What’s your favorite flavor of Gu energy gels?
It’s got to be campfire s’mores.
Is it ever boring?
Yeah, it’s monotonous. There are times when [these routes are] like a very long ladder. You can’t escape the overlap. It’s just like, “I have to do eight of these in a row?” So that can get boring, but for the most part, I am embracing it and loving it.
Sometimes I run a street I’ve done before, and it’s not what I call necessary overlap. That is frustrating. I just make this face like, “Ugh, wasted miles.”
Do you listen to music or podcasts?
Sometimes I listen to podcasts or music. Other times, I’ll try to get a feel for the neighborhood with nothing playing. And honestly, when it gets really complicated, I have to stop the music or the podcast and really concentrate.
I’m a huge Rush fan, and recently their drummer passed away, which was a real shock. He was only 67. That was hard for me to process. He’s written seven books, and Audible made all of his audio books free to download.
What’s one weird thing you’ve learned about DC?

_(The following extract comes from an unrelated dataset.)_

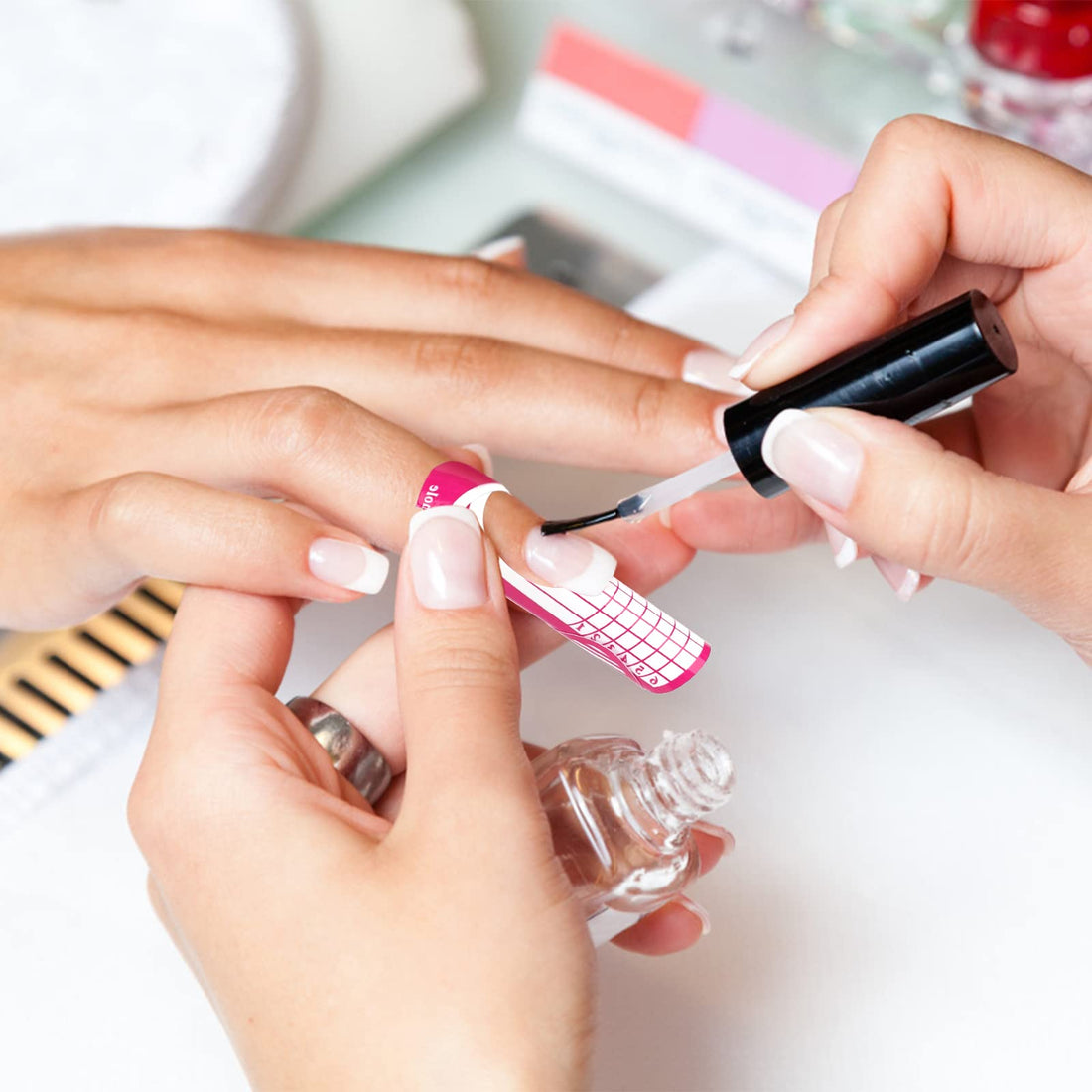 G2PLUS Nail Form, Nail Art Guide Stickers for Acrylic UV Gel Nail Tips Manicure Extension Tool (1 Roll / 500 PCS - Red)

I’ve learned that the nicer neighborhoods don’t have as many alleys, or even the alleys there are way nicer. When it’s nighttime and you’re running through these random alleys, you’re going to see rats running across your path. But in upper Northwest DC where the homes are really expensive, it’s not rats. It’s bunnies running through the alleys.
How do people react when they see you?
I get a lot of really funny looks from people, but one of my goals is to say hi to everyone and make eye contact. If someone wants to talk to me, I’ll have a conversation with them. Sometimes I see the same person five-or-six times while they’re out walking their dog and they’re like, “What are you doing?”
I have learned there are a lot of nice neighborhoods out there that get a bad rap. People make faces when I tell them where I was running and I’m like, “No, that’s actually a really nice part of DC.” It’s just a lot of homes. Especially on Sunday mornings, most people are just heading to church. And I’m just out there at my own church—the church of the long run, as we call it.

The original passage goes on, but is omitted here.